Oxford Nanopore Technologies Ltd, the UK-based technology company specialising in nanopore-based electronic molecular analysis systems, has raised £40 million in new funding through a private placement of ordinary shares. The investment was received from new and existing investors in the US, UK and mainland Europe. New investors include Odey Asset Management.
Funds will be used to further develop the Company's commercial and manufacturing infrastructure, continue innovative research and development in nanopore sensing and for various corporate objectives including the building and defence of the Company's broad intellectual property portfolio.
This transaction brings the total funds raised by Oxford Nanopore since its foundation in 2005 to £145 million.
Note: The placement of ordinary shares in the Company under this fundraising does not constitute an offer of the Company’s shares to the public. No shares in the Company will be offered or sold to any person except in circumstances which have not resulted and will not result in an offer to the public.

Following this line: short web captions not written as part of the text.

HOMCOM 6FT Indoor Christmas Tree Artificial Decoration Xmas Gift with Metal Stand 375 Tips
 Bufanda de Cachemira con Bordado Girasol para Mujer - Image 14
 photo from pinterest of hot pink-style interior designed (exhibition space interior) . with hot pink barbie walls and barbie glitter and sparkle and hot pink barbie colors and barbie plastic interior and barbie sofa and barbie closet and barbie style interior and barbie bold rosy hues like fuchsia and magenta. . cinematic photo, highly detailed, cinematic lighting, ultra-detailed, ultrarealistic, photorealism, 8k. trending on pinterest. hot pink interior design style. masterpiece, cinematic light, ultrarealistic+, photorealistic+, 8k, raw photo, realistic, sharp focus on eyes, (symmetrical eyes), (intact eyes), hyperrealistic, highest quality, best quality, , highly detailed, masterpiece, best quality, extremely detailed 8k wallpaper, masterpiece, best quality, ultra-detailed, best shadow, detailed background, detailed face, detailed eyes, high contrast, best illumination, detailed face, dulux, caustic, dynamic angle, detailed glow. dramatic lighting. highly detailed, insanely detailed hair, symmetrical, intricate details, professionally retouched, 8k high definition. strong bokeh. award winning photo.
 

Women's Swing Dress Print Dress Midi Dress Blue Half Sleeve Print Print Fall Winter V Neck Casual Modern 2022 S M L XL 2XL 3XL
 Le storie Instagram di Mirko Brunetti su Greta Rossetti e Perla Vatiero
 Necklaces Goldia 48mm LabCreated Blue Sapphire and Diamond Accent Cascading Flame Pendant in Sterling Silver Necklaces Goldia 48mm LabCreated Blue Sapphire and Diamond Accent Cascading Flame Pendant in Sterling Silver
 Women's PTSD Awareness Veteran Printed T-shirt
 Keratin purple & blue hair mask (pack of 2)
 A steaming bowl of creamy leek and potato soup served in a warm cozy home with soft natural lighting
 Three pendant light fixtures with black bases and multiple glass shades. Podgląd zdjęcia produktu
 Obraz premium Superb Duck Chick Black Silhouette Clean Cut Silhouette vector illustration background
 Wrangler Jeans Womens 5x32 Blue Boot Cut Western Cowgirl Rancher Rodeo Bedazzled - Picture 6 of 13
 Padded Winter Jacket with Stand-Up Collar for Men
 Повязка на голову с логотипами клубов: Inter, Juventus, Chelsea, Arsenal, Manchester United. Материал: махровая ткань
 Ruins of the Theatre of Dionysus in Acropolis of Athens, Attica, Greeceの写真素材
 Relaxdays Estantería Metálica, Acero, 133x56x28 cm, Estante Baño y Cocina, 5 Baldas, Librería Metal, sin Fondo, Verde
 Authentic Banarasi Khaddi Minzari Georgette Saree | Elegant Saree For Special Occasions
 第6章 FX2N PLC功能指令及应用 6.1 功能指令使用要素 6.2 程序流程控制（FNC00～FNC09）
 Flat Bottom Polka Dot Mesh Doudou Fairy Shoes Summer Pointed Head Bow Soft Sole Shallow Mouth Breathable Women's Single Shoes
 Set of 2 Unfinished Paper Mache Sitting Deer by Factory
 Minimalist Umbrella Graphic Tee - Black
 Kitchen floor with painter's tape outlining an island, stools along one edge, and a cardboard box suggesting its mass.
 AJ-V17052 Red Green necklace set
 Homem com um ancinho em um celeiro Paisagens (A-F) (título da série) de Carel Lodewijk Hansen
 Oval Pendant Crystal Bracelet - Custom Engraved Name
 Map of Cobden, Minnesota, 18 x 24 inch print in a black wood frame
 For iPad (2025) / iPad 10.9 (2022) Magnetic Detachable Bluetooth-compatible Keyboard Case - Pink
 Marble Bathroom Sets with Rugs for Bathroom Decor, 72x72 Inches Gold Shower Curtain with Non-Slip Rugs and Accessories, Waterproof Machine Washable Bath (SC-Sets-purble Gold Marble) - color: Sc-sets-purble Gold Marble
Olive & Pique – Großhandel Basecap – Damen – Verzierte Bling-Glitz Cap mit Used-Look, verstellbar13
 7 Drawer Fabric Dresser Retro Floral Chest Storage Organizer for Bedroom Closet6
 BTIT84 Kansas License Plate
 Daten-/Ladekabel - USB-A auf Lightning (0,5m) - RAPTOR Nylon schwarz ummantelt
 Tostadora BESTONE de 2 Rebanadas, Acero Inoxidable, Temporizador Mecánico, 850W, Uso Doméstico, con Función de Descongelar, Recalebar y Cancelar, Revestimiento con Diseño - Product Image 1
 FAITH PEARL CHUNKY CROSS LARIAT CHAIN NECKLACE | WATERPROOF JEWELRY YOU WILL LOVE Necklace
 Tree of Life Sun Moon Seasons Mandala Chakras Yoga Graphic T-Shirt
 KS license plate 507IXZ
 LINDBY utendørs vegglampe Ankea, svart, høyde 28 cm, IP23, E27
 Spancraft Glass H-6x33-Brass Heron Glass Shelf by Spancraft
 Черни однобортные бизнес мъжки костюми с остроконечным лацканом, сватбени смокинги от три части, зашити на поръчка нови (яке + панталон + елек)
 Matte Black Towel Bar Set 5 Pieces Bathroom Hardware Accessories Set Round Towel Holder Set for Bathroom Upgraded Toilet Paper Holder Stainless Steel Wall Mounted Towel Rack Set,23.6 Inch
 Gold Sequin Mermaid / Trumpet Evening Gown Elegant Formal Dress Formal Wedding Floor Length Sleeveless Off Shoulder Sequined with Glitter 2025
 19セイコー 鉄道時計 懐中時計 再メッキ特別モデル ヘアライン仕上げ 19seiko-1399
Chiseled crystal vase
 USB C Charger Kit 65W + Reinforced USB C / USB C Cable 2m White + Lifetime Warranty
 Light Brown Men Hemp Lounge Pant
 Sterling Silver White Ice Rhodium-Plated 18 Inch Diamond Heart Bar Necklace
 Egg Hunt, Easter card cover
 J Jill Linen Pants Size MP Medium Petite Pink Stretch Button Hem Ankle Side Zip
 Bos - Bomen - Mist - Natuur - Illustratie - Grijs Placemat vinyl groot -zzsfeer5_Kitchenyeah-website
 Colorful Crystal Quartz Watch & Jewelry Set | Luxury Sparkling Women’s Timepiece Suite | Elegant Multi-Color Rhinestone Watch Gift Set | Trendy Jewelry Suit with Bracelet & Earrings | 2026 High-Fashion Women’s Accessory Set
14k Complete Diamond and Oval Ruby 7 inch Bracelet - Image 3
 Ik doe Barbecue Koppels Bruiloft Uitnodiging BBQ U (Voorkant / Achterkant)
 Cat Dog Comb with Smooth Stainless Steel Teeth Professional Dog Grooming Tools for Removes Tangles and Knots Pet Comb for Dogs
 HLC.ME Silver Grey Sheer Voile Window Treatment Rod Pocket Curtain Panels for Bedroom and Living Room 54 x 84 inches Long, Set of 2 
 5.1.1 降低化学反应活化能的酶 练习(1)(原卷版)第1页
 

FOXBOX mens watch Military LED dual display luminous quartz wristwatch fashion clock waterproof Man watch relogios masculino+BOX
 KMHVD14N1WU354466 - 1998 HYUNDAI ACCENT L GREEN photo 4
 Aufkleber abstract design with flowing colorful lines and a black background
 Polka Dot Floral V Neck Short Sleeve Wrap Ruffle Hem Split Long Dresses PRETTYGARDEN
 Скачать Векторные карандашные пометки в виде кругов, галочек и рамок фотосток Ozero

Zoe McDougall, Communications, Oxford Nanopore
+44 (0) 845 034 7900 x2013
About Oxford Nanopore
Oxford Nanopore Technologies® is developing a new generation of nanopore-based electronic systems for analysis of single molecules including DNA, RNA and proteins. The GridION™ system and miniaturised MinION™ device are designed to provide novel qualities in molecular sensing such as real-time data streaming, improved simplicity, efficiency and scalability of workflows and direct analysis of the molecule of interest. The devices may be used use in scientific research, personalised medicine, crop science, security & defence and environmental applications.
Oxford Nanopore has licensed or owns more than 350 patents and patent applications that relate to many aspects of nanopore sensing from protein nanopores to solid state nanopores and for the analysis of DNA, proteins and other molecules. This includes the use of functionalised solid-state nanopores for molecular characterisation, methods of fabricating solid-state nanopores and modifications of solid-state nanopores to adjust sensitivity or other parameters.